Information given:
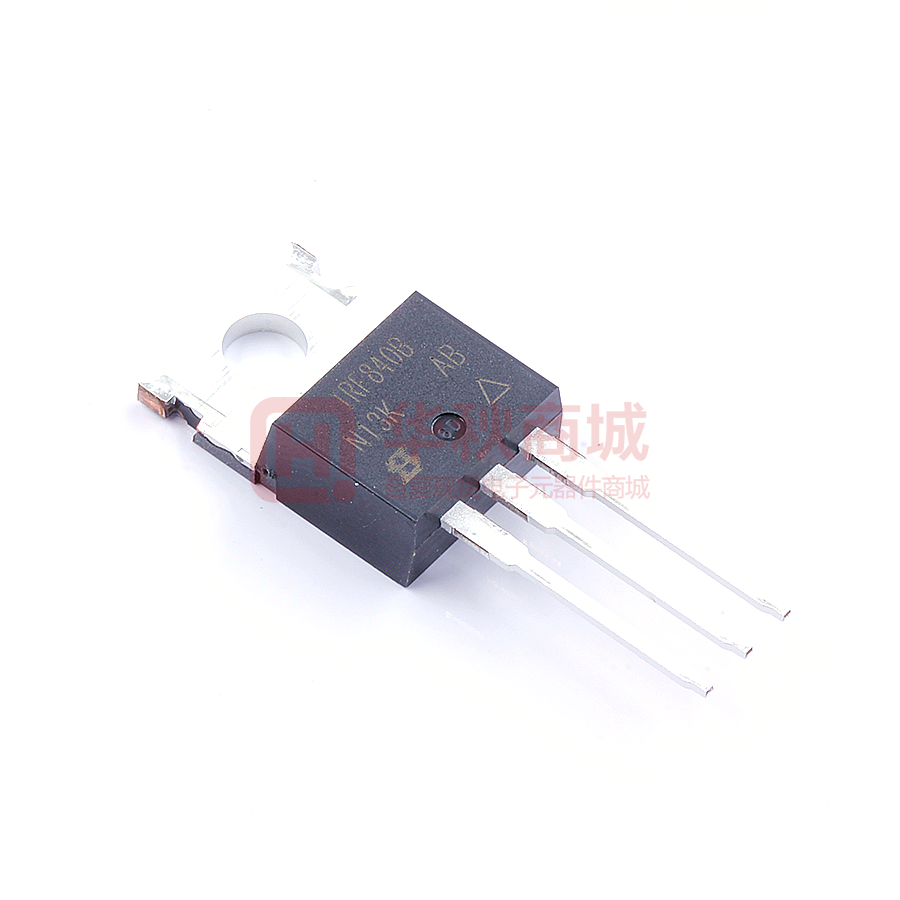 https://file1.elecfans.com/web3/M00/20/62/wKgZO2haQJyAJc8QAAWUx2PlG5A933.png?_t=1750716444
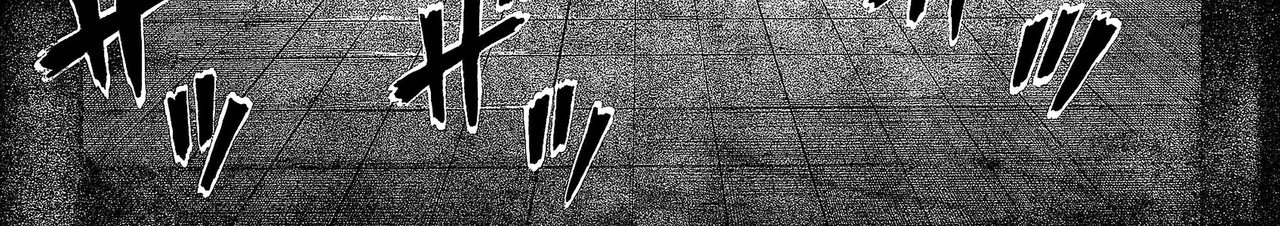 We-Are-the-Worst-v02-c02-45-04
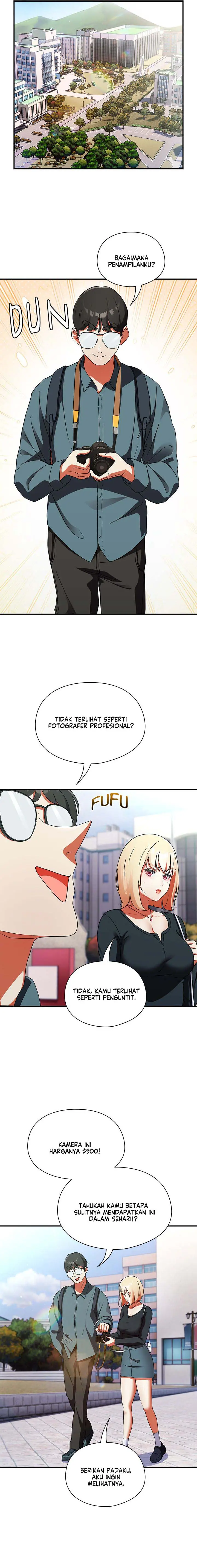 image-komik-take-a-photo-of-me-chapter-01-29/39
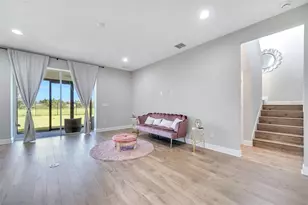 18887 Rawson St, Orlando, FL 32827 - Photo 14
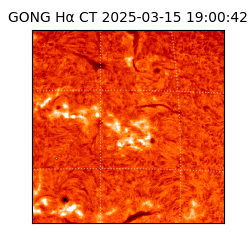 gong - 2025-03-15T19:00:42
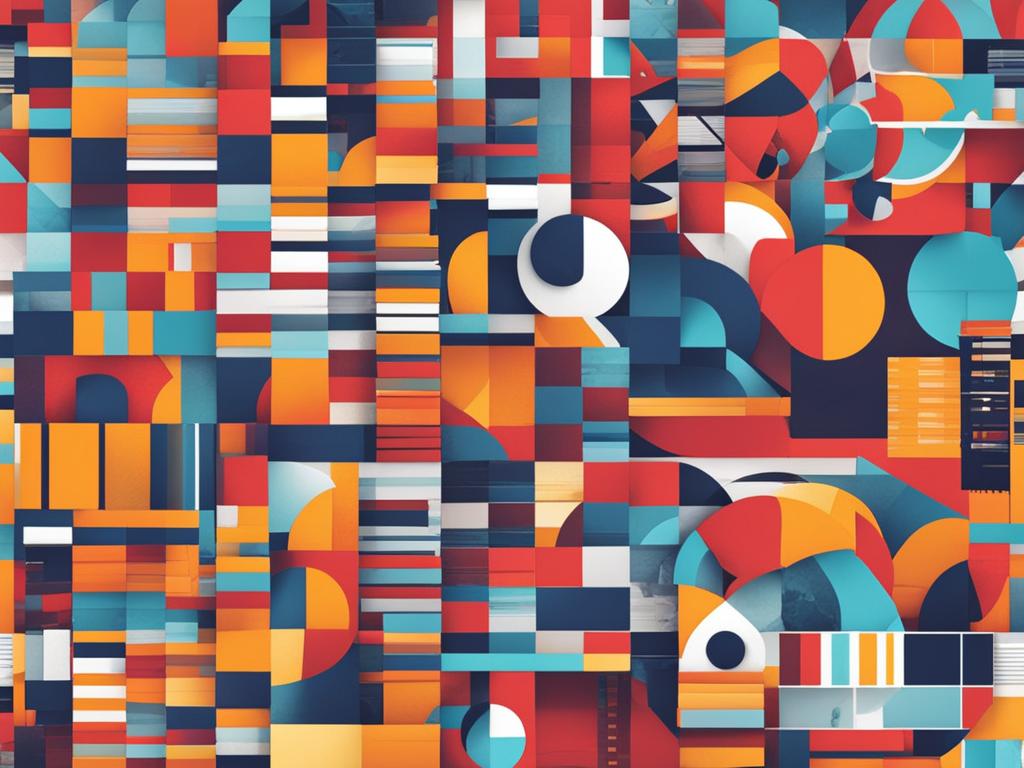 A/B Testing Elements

Exercise:
Every line above has to be output exactly; the pictures must be dropped.

Exercise response:
 https://file1.elecfans.com/web3/M00/20/62/wKgZO2haQJyAJc8QAAWUx2PlG5A933.png?_t=1750716444
 We-Are-the-Worst-v02-c02-45-04
 image-komik-take-a-photo-of-me-chapter-01-29/39
 18887 Rawson St, Orlando, FL 32827 - Photo 14
 gong - 2025-03-15T19:00:42
 A/B Testing Elements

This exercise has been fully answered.